Tanggapanku pada pemaparan kenyataan yang baru akan kami hadapi itu aku tanggapi dingin. Aku hanya menunjukkan bahwa aku wanita kuat dan istimewa, jika ia menginginkan kecantikan dan semua kelebihan yang Allah SWT anugerahkan padaku, ia pasti akan melakukan apapun; walau harus lintasi lautan, benua, dan langit sekalipun. Aku toh tak rugi apapun jika ia mundur seperti yang sebelumnya. Aku akan terus menanti seseorang yang ingin memperjuangkan dan mengimplementasikan niat suci mengabadikan "mitsaqon ghalidza" atau ikatan kuat pernikahan dihadapan Allah SWT, orangtua kami dan para tamu dan malaikat yang dimuliakan.
Namun keraguanku dan keapatisanku dijawabnya dengan sebuah email yang berisi keyakinannya tentang hubungan kami:

Assalaamu 'alaikum...

mas abis sholat. kurang khusuk, memang  susah mencapainya..

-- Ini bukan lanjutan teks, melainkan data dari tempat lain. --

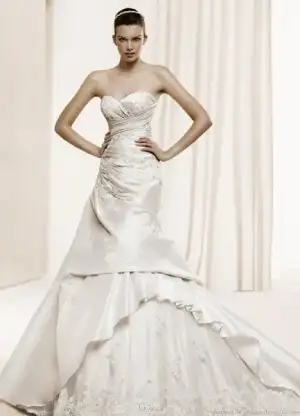 $la_sposa_2011_wedding_dress_delfos.webp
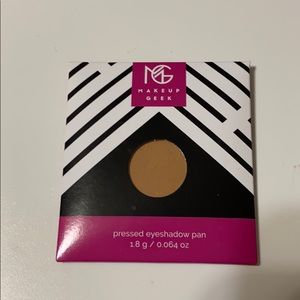 Makeup Geek Desert Sands eyeshadow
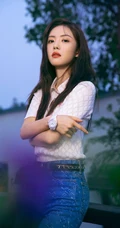 蔡文静代言手表写真大片，轻撩长发，展现知性女人魅力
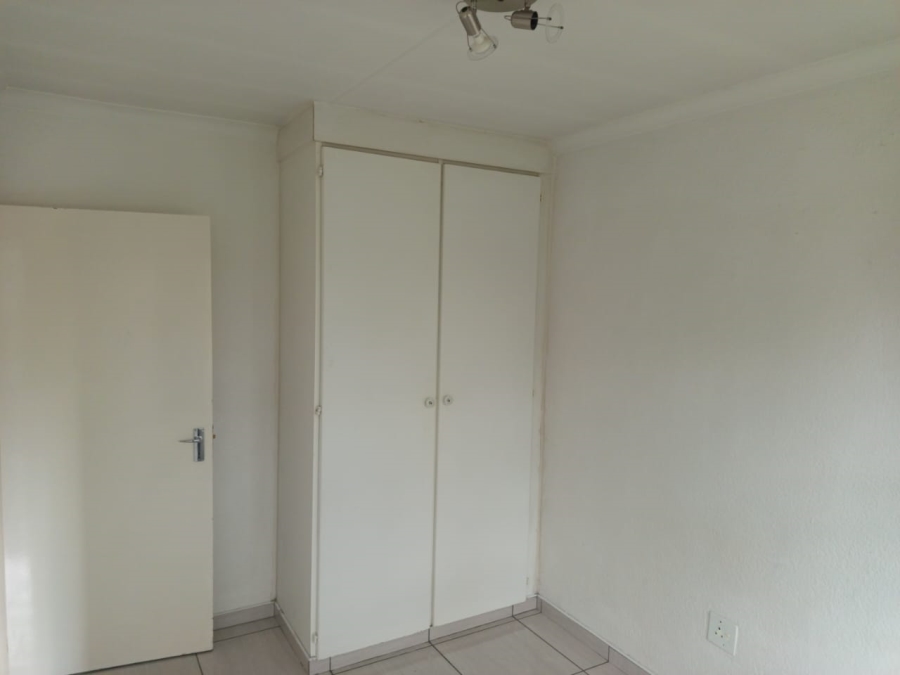 3 Bedroom Property for Sale in Vorna Valley Gauteng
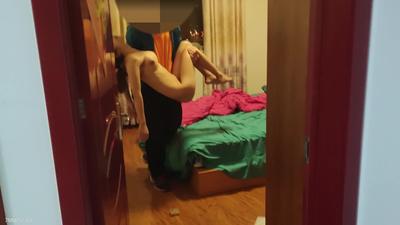 綠帽老公下藥迷翻漂亮的老婆讓單位領導來幹她的大肥B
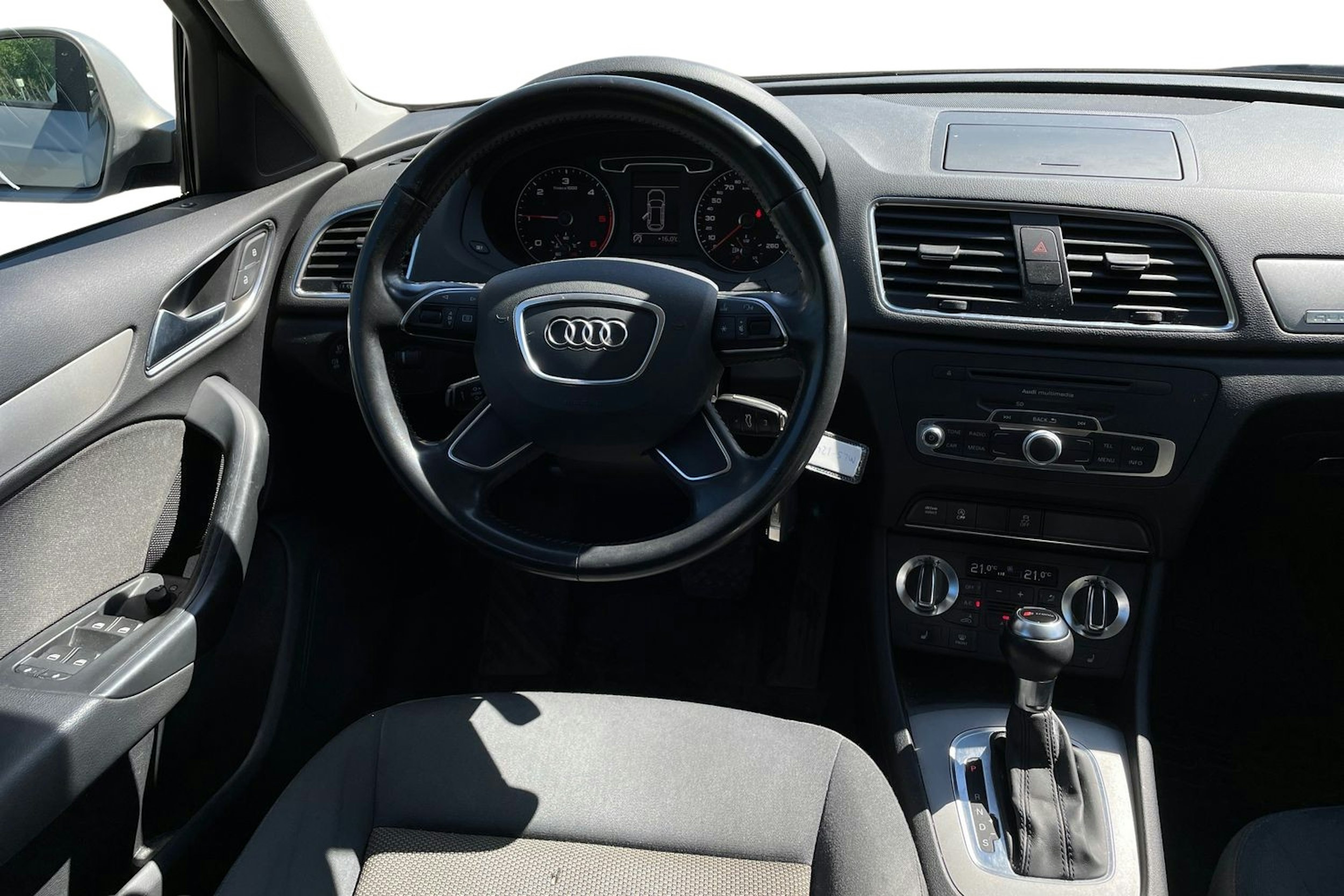 ruskea (beige) Audi Q3 2014 kuva 3.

dalam ketidakkhusuan, mas ingat sering tulis "time is part of solution..."  sedang Allaah menciptakan segala sesuatunya berpasang-pasangan. dengan demikian muncullah "time is part of problem...". mas mau ajak fitri melihatnya dari sisi yg berbeda meski tidak memungkirinya... kita ubah jadi "time is part of challenge..." so, let it be our paradigm. dalam challange ini kita pilah mana problem dan mana solution.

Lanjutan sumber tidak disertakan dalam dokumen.